The oldest succession of rocks in the
country, the basement supergroup, consists mostly of granitic gneissis and
migmatites which are evident throughout eastern, central and southern
Zambia, in places in-folded with meta-carbonate, meta-quartzite and meta-pelite
units. The super group rocks are mostly younger than 2050 ma but the
Lutembwe River granulite near Chipata has been dated at c.3000 Ma.

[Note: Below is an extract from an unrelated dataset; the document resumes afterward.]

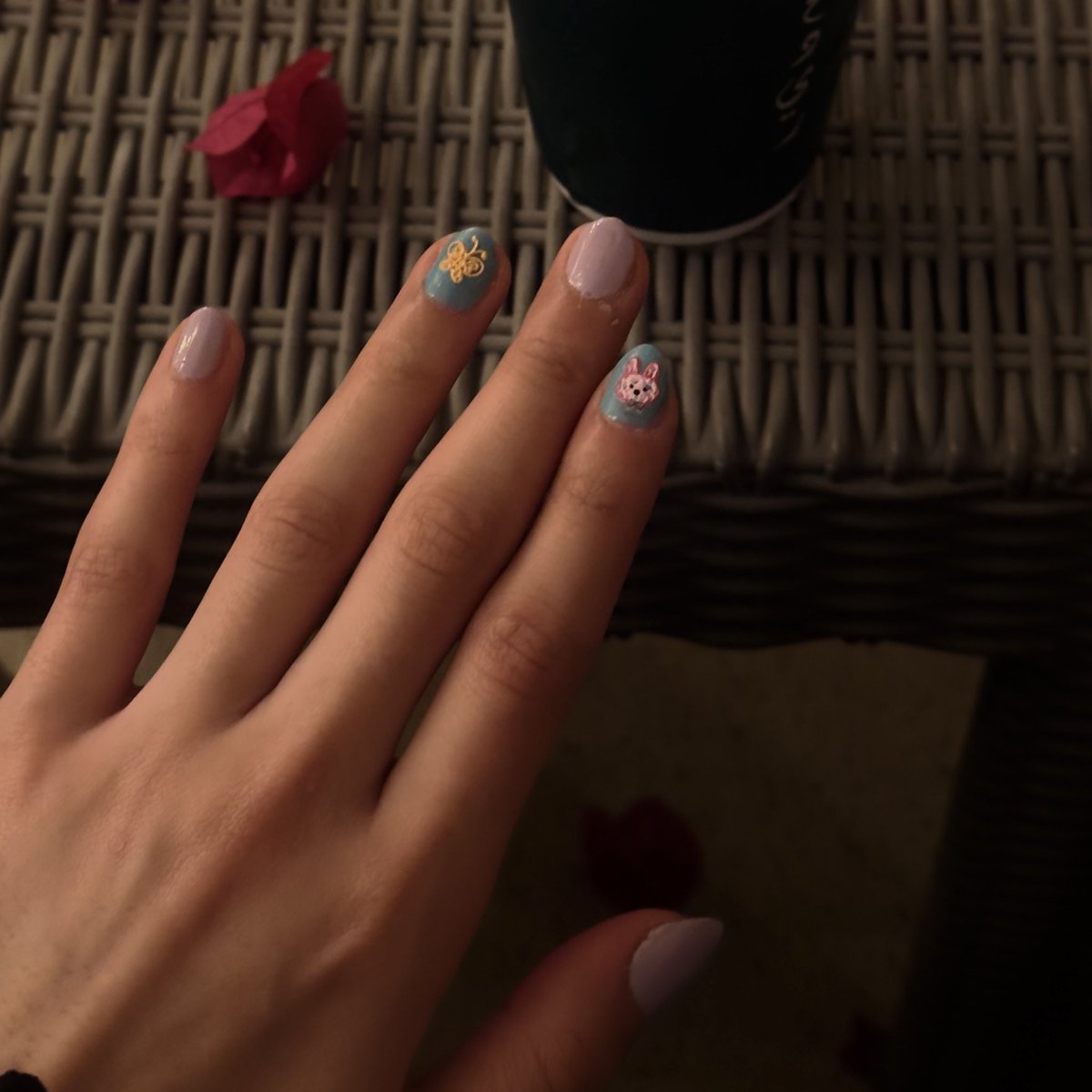 زَهْــراء tweet media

Granite, granite gneiss, migmatites and amphoblolites, believed to belong
mostly to the basement supergroup, also outcrop in the structurally
elevated Kafue Anticline and Domes of the Copperbelt and north-western
Zambia.
The overlying meta-sedimentary Muva
Supergroup generally exhibits a tectonized contact with the basement
sequences. In central and eastern Zambia the sequence of meta-pelites and
meta-quartzites is commonly infolded and even imbricated with the basement
rocks, the two sequences being later folded to form the core of the
Irumide Belt extending north-eastwards from Kabwe to Mpika, also forming a
major component of the Zambezi Belt south and east of Lusaka. Within the
Bangweulu Block of northern Zambia the sedimentary sequences is very
different, comprising a lower 5000m thick succession of continental
sediments (rudites, arenites, quartzites and argillites) - the Mporokoso
Group, overlain by quartzites, hematitic sandstones, mudstones and minor
conglomerates of the Kasama Formation which ranges in thickness from from
c.100m over the Bangweulu Block to 3500m southwards into the Irumide Belt.